Halifax company pilots new technology to track lobster traps

Lobster fisherman Jamie Osborne, right, is shown attaching a tagging device to one of his traps. Yuan Yao, left, is a product director with Marine Thinking. (Gareth Hampshire/CBC - image credit)
Lobster fisherman Jamie Osborne, right, is shown attaching a tagging device to one of his traps. Yuan Yao, left, is a product director with Marine Thinking. (Gareth Hampshire/CBC - image credit)

A Halifax startup is testing out new technology aimed at helping the fishing industry recover lost lobster traps and other fishing gear that can be deadly to marine life.

The company, Marine Thinking, has launched a pilot project that involves tagging the traps with high-tech devices. The tags send signals to specially designed consoles on fishing vessels that allow crews to monitor where their equipment is using their phones or other devices.

"Almost every fisherman loses traps in their season, so there is a big economic driver behind it," said Yuan Yao, a product director with the company. "So you can identify them and retrieve them, preventing that loss from happening."

The initiative is receiving $250,000 from Fisheries and Oceans Canada's ghost-gear fund, which supports projects targeting lost or discarded fishing equipment.

It is estimated that between 600,000 and 800,000 metric tonnes of ghost gear goes into the world's oceans every year, the department says. A non-profit group called Coastal Action collected more than 32 tonnes of lost gear on shorelines and in waters around Nova Scotia last year.

When lobster traps and other fishing equipment is lost in the ocean, "it attracts more fish into it and they can't get out, and in turn it attracts more, and it creates this terrible situation," Yao said, adding that ropes and other gear can be a danger to whales.

Financial incentive

The company is testing its equipment with three lobster fishers this season.
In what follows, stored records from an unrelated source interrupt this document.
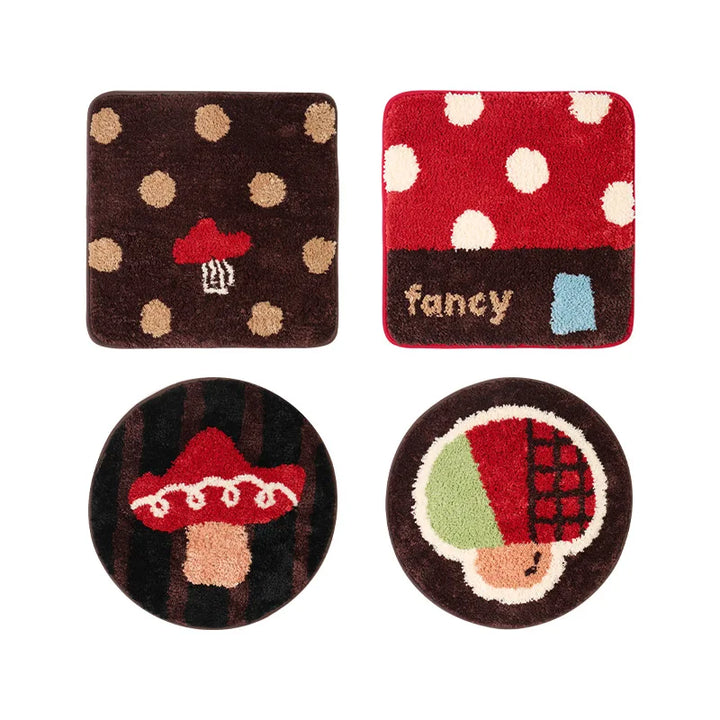 Rynx | Lovely Tufting Seat Cushion Mat Soft Round Square Mushroom Dots Chair Sofa Pad Home Office Warm Room Decor for Autumn Winter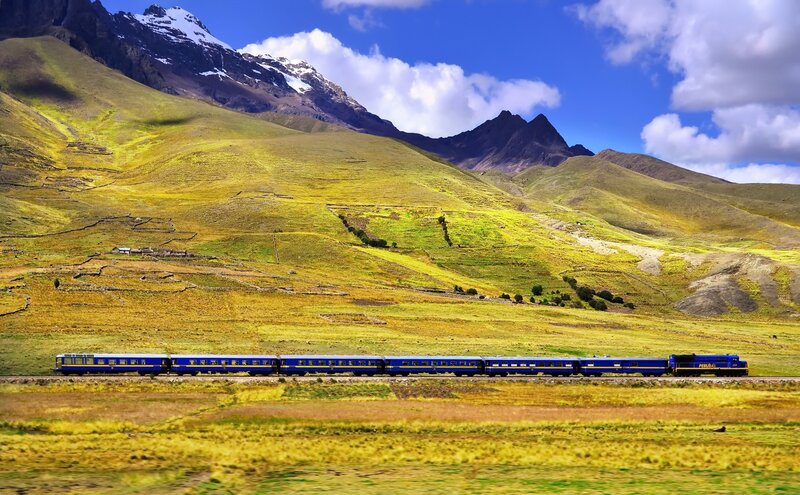 Blue Train in Mountains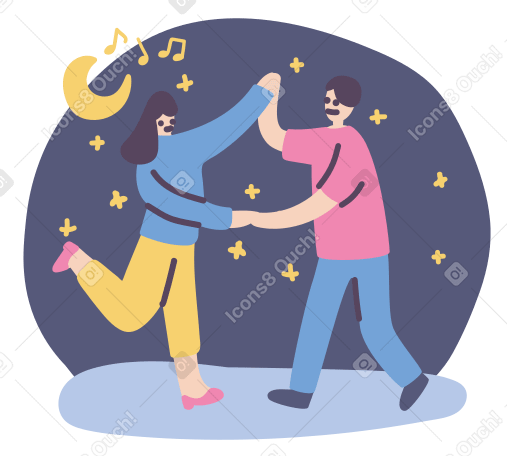 Man and woman dancing under the moon and stars PNG, SVG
One of them is 63-year-old Jamie Osborne, from Eastern Passage, N.S, who has fished lobster for 40 years.

A big reason he's interested in the technology is because of the financial hit he takes when he loses traps.

"Well if it will help me find my gear — because they're expensive to buy, like they're $300 a trap, that's what they cost — and if this will help me retrieve it, I'm all for it," he said.

Brian McKay/CBC
Brian McKay/CBC

Osborne also makes wooden traps himself, but they still cost around $60 in materials.

"I've lost as high as 12 or 15 in a season but last season was good. I only lost five, I think," he said. "Other fishing boats will run across the line or the buoy and it gets around their prop and cuts it off, so then it's gone. You can't get it. So that's how we lose 99 per cent of ours."

All lost gear must be reported to Fisheries and Oceans Canada, which adds additional work for the crew.

Hopes for sustainability

Osborne's daughter Ashley has fished with him for the past 12 years. She's keen to see the development of any technology that can help sustain the fishery.

"I want to keep fishing, my children might want to fish. This all impacts it. Small lobsters can crawl into the trap. They will never grow to size, so if they're down there at the bottom they're stuck there and nobody knows," she said.

Brian McKay/CBC
Brian McKay/CBC

Fishing crews currently mark where their gear is on GPS systems but Yao explained those systems can have their limitations.

"When you deploy a trap into the water, you record on the GPS. But when a storm situation happens, that trap got moved away so you wouldn't know exactly where it is anymore," he said.

The tagging devices will be able to provide locations that retrieval companies can work with to help recover the gear by sending down divers or remote-controlled underwater vehicles.

The system also automatically digitizes the location information, eliminating the need for fishing crews to manually record GPS locations.

The company says it hopes to market the tags with a price tag of around $40, in order to keep the system economical.

It is also exploring the possibility of recording additional information on the devices, such as ocean temperature or the precise locations of a crew's most productive fishing spots.

The company plans to expand the pilot project to 25 fishing crews next season.